• **Problem**
Copying rule for the data below: pictures stay out, and only the lines from the one with "Cortinarius sp. at" down to the one with "Единорог (monoceros). (Рукопись", inclusive, are repeated exactly.

• **Material provided**

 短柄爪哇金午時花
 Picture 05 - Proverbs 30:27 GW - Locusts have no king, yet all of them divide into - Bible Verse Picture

---

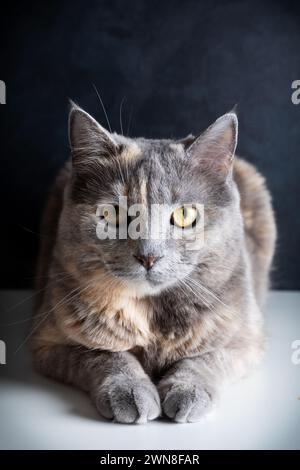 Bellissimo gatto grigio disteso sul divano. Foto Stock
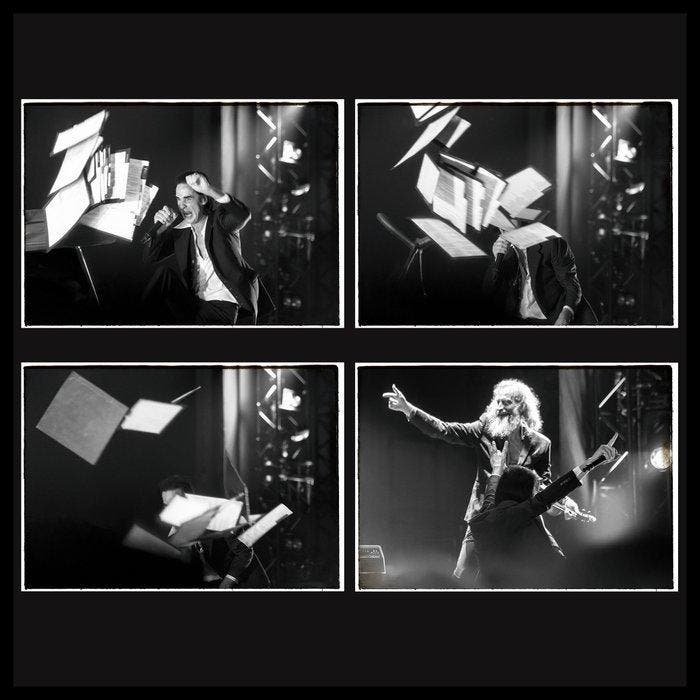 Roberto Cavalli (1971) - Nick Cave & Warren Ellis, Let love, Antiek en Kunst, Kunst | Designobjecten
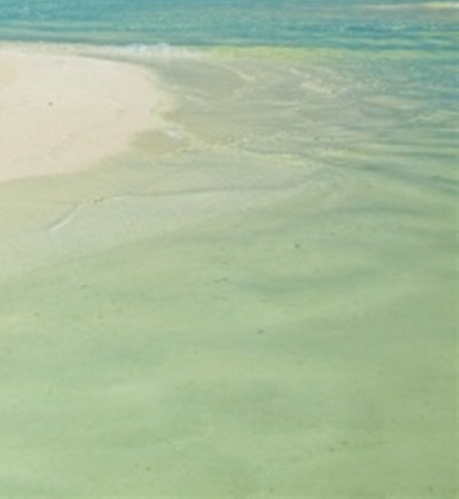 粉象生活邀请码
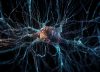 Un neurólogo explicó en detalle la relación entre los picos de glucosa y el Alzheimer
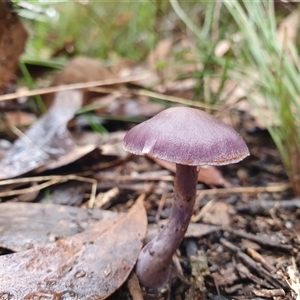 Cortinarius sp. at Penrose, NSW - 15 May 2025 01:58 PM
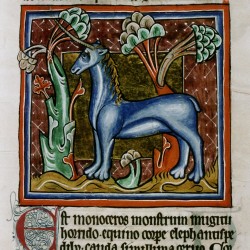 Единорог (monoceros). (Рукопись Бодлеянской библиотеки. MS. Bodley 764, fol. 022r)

* * *

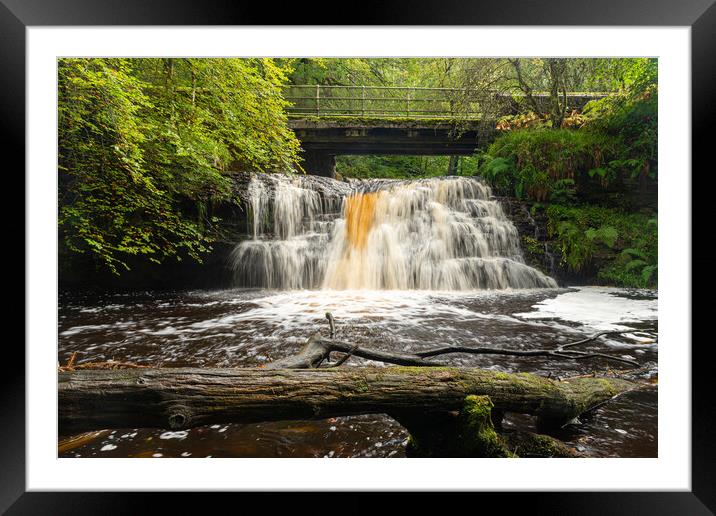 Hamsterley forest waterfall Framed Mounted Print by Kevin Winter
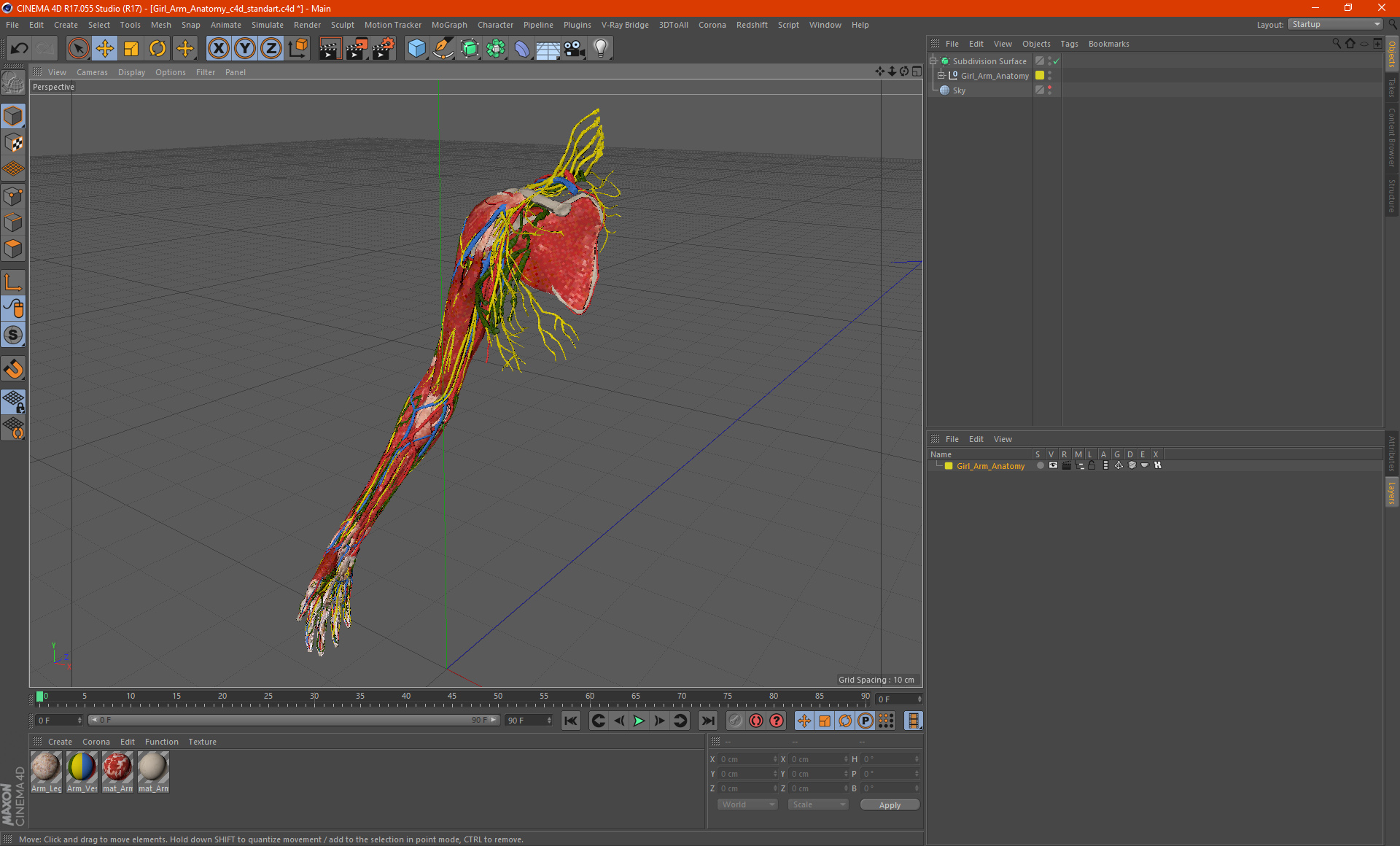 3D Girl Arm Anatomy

• **Finished task**
 Cortinarius sp. at Penrose, NSW - 15 May 2025 01:58 PM
 Единорог (monoceros). (Рукопись Бодлеянской библиотеки. MS. Bodley 764, fol. 022r)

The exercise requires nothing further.